Kita kerja sama dengan UMKM, ekonomi kreatif, ini juga saya sudah janjian sama koperasi supaya koperasi ini membantu PMI yang mau berangkat. Kalau pakai KUR itu enggak dapat karena KUR itu cair setelah ada perjanjian kerja sama, sementara mereka butuhnya di awal sini duitnya nih.

Jadi itu butuh waktu lama ya?

Untuk berangkat dan pelatihan KUR sebenarnya ngasih, tapi kan enggak bisa setelah ada kerja sama kontrak kerjanya. Nanti kalau ada skema pembiayaan misalnya dari koperasi atau mungkin dana abadi untuk PMI, kita bisa bantu dulu nih sebelum dia berangkat, kita latih juga.

Nanti masuknya soal mekanisme keuangannya nanti bisa kita atur. Nah itu yang ideal. Itu yang di Filipina terjadi. Kalau kita ini lembaga pelatihannya enggak siap, sementara kita harus mengirim skilled, aturannya belum ketemu, manajemennya belum ketemu, jadi masih ribetlah, PR-nya banyak.

 

5 dari 5 halaman

Jadi Menteri Lebih Melelahkan

Sebelum masuk kabinet, Bapak juga pernah di legislatif. Apa perbedaan jadi Ketua Komisi di DPR dengan jadi Menteri?

Lebih capek jadi menteri. Jadi menteri ini acara kita bisa sehari lima sampai tujuh kegiatan. Kadang-kadang juga hari libur enggak bisa istirahat. Kalau di DPR relatif lebih longgar.

Cuma mungkin kalau produktivitas beda-beda ya. Kalau DPR kita ukurannya kan mengawasi sama buat undang-undang, sama memfasilitasi aspirasi. Nah, kalau di sini kita memang dituntut untuk mengambil keputusan-keputusan penting yang sifatnya eksekutor, eksekutorial.

Bisa dibilang lebih sibuk jadi menteri?

Lebih sibuk, mudah-mudahan awal-awal saja, jangan terlalu sibuk di ujung-ujung sana. Maksudnya mungkin harus ketemu iramanya nanti ya, ini belum ketemu iramanya.

Berarti sudah enggak sempat mau menjalani hobi mungkin?

Saya masih, paling itu saya paksa-paksa sedikit. Sabtu-Minggu jalan pagi saja, yang lain sudah enggak bisa saya. Saya ini hobinya nongkrong sebenarnya, nongkrong orang politik ya.

Kita sudah enggak ada nongkrong-nongkrong nih. Hobi saya itu diskusi gitu ya, ini sudah enggak ada nih. Kemerdekaan terhapus, ha... ha... Ini kan karena awal saja, banyak yang harus dibenahi ya. Banyak yang harus dikonsolidasi.
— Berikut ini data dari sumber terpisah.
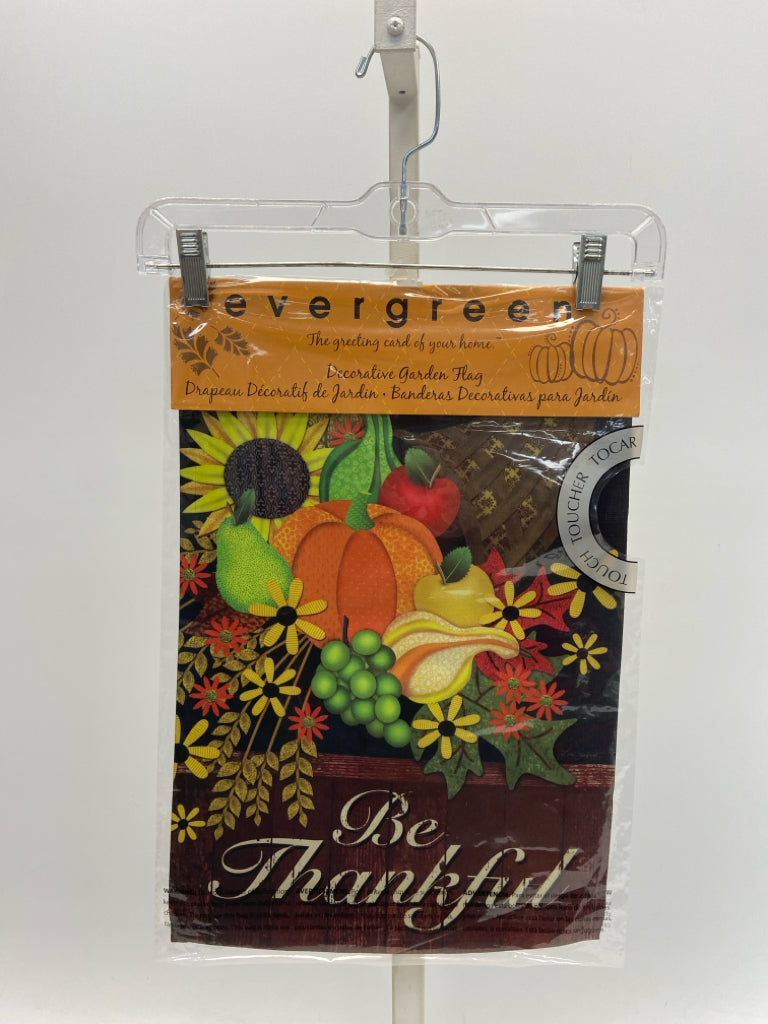 NEW/PKG Evergreen Brown/Green Orange/Multi Fruit/Veggies Thanksgiving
Sebagai kementerian yang ada di bawah koordinasi Menteri Koordinator Bidang Pemberdayaan Masyarakat Muhaimin Iskandar, masih sering ketemu Cak Imin?

Kemarin ketemu, setiap rapat kabinet ketemu. Kemudian setiap rapat Kemenko saya datang. Saya harus profesional. Kita harus kompak, kita harus solid.

Satu hal yang diinginkan Pak Prabowo adalah kabinet ini berkolaborasi, bekerja sama, solid karena itu kunci. Dan memang saya dapat merasakan hasilnya sih. Jadi saya muter ke beberapa menteri itu dengan cepat terjadi tanda tangan MoU dan PKS cepat jalan. Kalau dulu itu bisa enam 6 bulan.